When the NOVO DDAQ ROOT adapter is used, additional run-level metadata from the ROOT meta TTree are persisted under:

  • /meta/root_novo_ddaq : group

Run-level scalar fields are stored as group attributes, mirroring the ROOT metadata where available:

  • InputFileName
  • OutputFileName
  • CDFFileName
  • PSDCutsFileName
  • SampleRate
  • NumDet
  • NumThreads
  • WriteHistograms
  • MergeMode
  • CardOffsetChannel
  • UsePositionVeto

In addition, a normalized integer run identifier is exposed as:

  • run_number (attribute on /meta/root_novo_ddaq)

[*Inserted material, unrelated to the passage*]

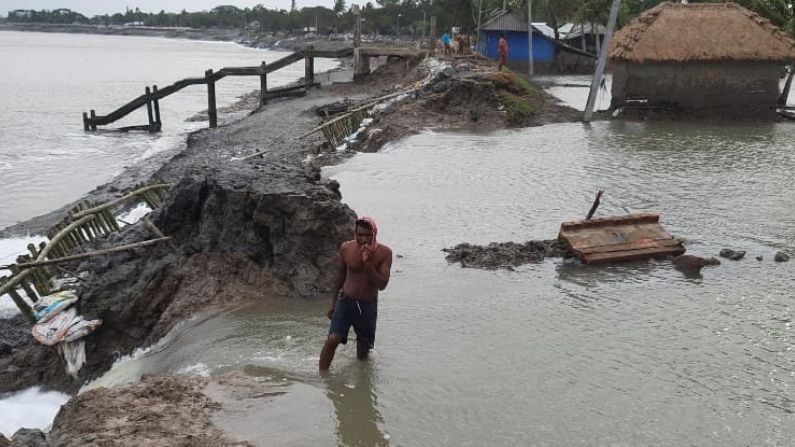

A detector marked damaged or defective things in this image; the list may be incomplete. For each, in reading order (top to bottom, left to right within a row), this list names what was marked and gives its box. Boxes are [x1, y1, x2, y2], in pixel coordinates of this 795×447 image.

broken wooden fence [0, 183, 173, 326]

This is intended to capture the “run number” used in NOVO data taking (e.g. ..._000041.rootrun_number = 41). When the adapter cannot infer a run number, it may omit this attribute or use a sentinel value.

Per-detector geometric and timing metadata from the ROOT file are collected into a small table under:

  • /meta/root_novo_ddaq/detectors : group

with the following datasets (length = NumDet):

  • det_id : [NumDet] int32
  • pos : [NumDet, 3] float32 – detector position (PosX, PosY, PosZ) in mm
  • dim : [NumDet, 3] float32 – detector dimensions (DimX, DimY, DimZ) in mm
  • rot_deg : [NumDet, 3] float32 – detector rotations (RotX, RotY, RotZ) in degrees
  • local_time_offset : [NumDet] float32 – local timing offset in ns
  • global_time_offset: [NumDet] float32 – global timing offset in ns
  • pos_cal_file : [NumDet] string – per-detector position calibration filenames
  • energy_cal_file : [NumDet] string – per-detector energy calibration filenames
  • is_start_det : [NumDet] int8 – 1 if marked as a start detector, else 0
  • is_laser_det : [NumDet] int8 – 1 if marked as a laser detector, else 0

Each numeric dataset carries a units attribute ("mm", "deg", "ns") to make downstream interpretation explicit.

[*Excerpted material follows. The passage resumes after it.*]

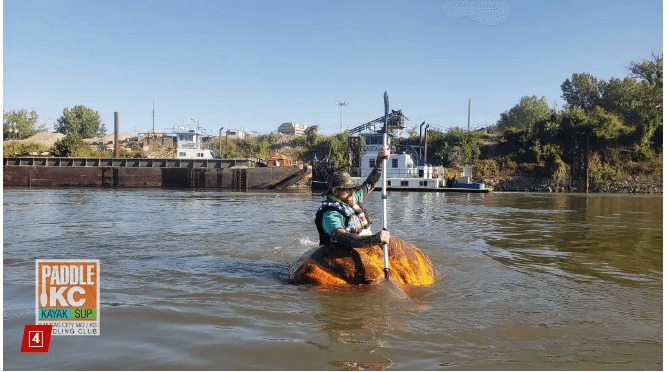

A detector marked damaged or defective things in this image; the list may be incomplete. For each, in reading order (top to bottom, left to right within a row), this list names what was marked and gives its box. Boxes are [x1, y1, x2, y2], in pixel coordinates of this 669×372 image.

rusty barge [1, 157, 310, 190]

The /meta/root_novo_ddaq layout is intended to be forward compatible: new attributes or datasets may be added in future versions, but existing ones should not be removed or change meaning.


Versioning and compatibility

The root attribute format_version records the HDF5 schema version. Minor additions (e.g. new counters or label arrays) are made in a way that keeps existing code working; new consumers should always check for dataset existence before assuming it is present.

If you are scripting against the file format, consider:

  • gating on format_version,
  • using the label arrays (*_labels) rather than hard-coding integer codes, and
  • relying on /meta/config_toml to reproduce or document the run settings.